Para a pessoa com inteligência média assistir às aulas de Vedānta e ganhar o vislumbre do ensinamento não é assim tão difícil, especialmente se o professor for um comunicador hábil que transmita o conhecimento de forma simples e clara. De facto, é inevitável que esse vislumbre aconteça; irá certamente acontecer. Se a pessoa tiver foco mental e a fase da vida em que a pessoa assiste mais entusiasticamente às aulas for boa, é de esperar que a pessoa ganhe um entendimento superficial da natureza da realidade. Digo isto porque o Vedānta, sendo um pramāṇa, meio de conhecimento, funciona, é eficaz.

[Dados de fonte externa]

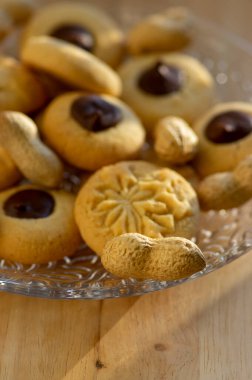 Koyu çikolatayla doldurulmuş açık kahverengi bej fıstıklı kurabiyeler. Tabakta, lezzetli Noel tatlıları servis ediliyor.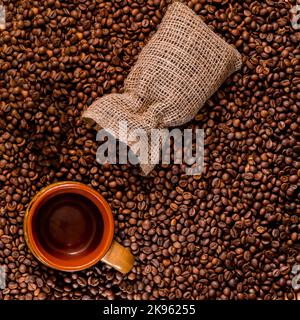 Viele Kaffeebohnen sind auf dem Tisch neben dem Kaffeesack verstreut. Stockfoto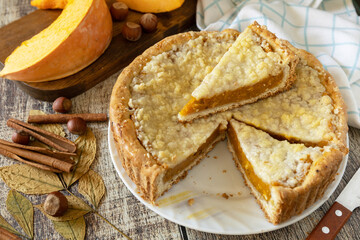Fall traditional pumpkin pie with cinnamon on a rustic wooden background.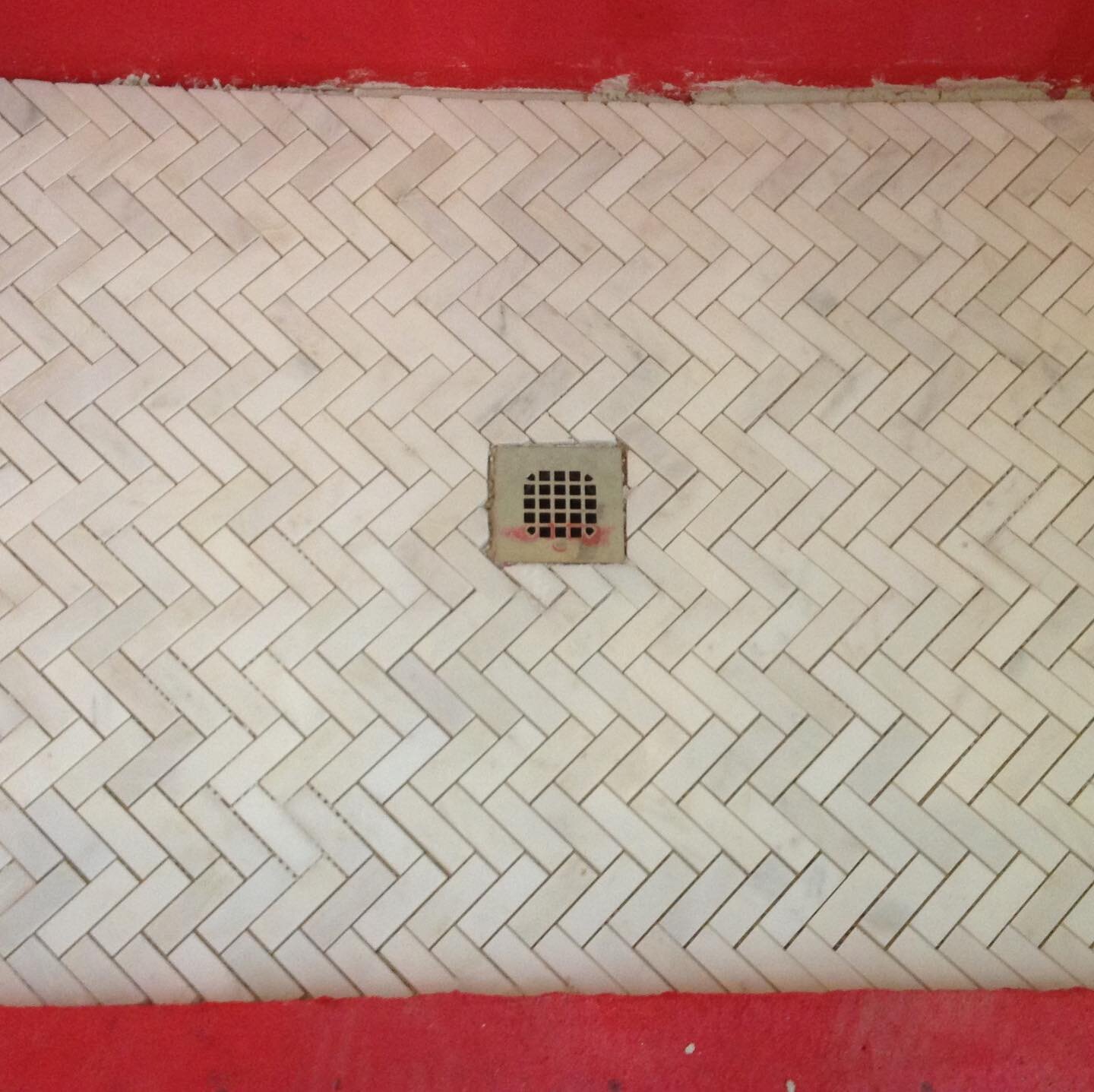 Marble herringbone tile install #classictile #bathroomdesign #gtacontractor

O entendimento não é tudo no Vedānta, é uma parte de um todo que precisa de ser completo para que o fruto do conhecimento se manifeste. O estilo de vida chamado de Yoga é uma parte importante e fundamental, sem a qual, Vedānta está destinado a fracassar. O Yoga deverá preceder o Vedānta – esta é a condição intransponível. Se deseja ganhar o conhecimento inabalável do Eu maior, da realidade, então, nesse caso, viva uma vida de Yoga.

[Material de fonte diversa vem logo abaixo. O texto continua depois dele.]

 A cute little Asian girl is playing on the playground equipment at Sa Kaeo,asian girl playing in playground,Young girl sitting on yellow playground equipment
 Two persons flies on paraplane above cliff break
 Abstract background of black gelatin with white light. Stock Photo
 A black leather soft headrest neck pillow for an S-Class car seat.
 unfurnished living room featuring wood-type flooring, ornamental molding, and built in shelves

Yoga é o processo de vida através do qual certas qualidades e virtudes são ganhas e a que chamamos de maturidade emocional e espiritual. A Bhagavadgītā, o maior tratado de Autoconhecimento e Yoga, menciona algumas – amānitvam, ausência da exigência de respeito, adambhitva, ausência de exibicionismo ou pretensão, ahimsā, não-violência, kṣānti, aceitação objetiva, arjavam, integridade ou alinhamento entre pensamento palavra e ação, etc. Noutras obras, outros mestres mencionam as virtudes que constituem em si a elegibilidade para o entendimento, chamadas de sādhana-catuṣtaya, o conjunto dos quatro meios (indiretos) para o conhecimento: viveka, discriminação e discernimento, vairāgya, desapego ou desprendimento, śamādi, calma e tranquilidade, etc. A lista das qualidades e virtudes a serem ganhas é grande e importante. Todos os mestres as realçam e não se cansam de lhes atribuir valor.

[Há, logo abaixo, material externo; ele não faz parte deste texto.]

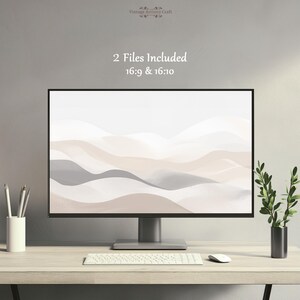 May include: A computer monitor displays a digital art print of abstract, layered mountain-like shapes in neutral tones of beige, gray, and white. The text "2 Files Included 16:9 & 16:10" is visible. The monitor sits on a wooden desk with a keyboard, mouse, pencils, and a plant.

Sem o ganho destas virtudes a mente será instável, conflituosa, irrequieta e tremendamente problemática, causando muita aflição. As virtudes ou os valores incidem na mente, pois é na mente que grande parte do trabalho tem que ser feito, tanto a nível emocional como focal.
Sem emoções relativamente apaziguadas e sem capacidade de gestão emocional não há conhecimento que aguente e o vislumbre ganho na aula não impacta. Sem capacidade de foco continuado não há a possibilidade de contemplação séria e sem contemplação não há assimilação do conhecimento. As qualidades e valores a serem buscados pelo aluno de Vedānta tornam a mente um recipiente saudável onde o conhecimento permanece para ser apreciado. Caso contrário, a mente é como um recipiente rachado e disfuncional. O conhecimento esvair-se-á pelas rachadelas da sua mente e por mais que se queira retê-lo, a impossibilidade da retenção impõe-se tiranicamente.
Se a mente é o recipiente onde o conhecimento é recebido e retido, nutra-a. Diligentemente aprenda a melhorar a condição da sua mente. Impregne-a de compaixão, de compreensão, de calma, de discernimento, de foco, de paciência e de todos os valores que o Vedānta menciona.
Não tente contornar a tradição de ensino, pensando que é mais esperto ou sábio do que ela. Receba de coração aberto os ensinamentos, sejam sobre Yoga ou Vedānta, e entenda que sem maturidade a libertação é um castelo nas nuvens.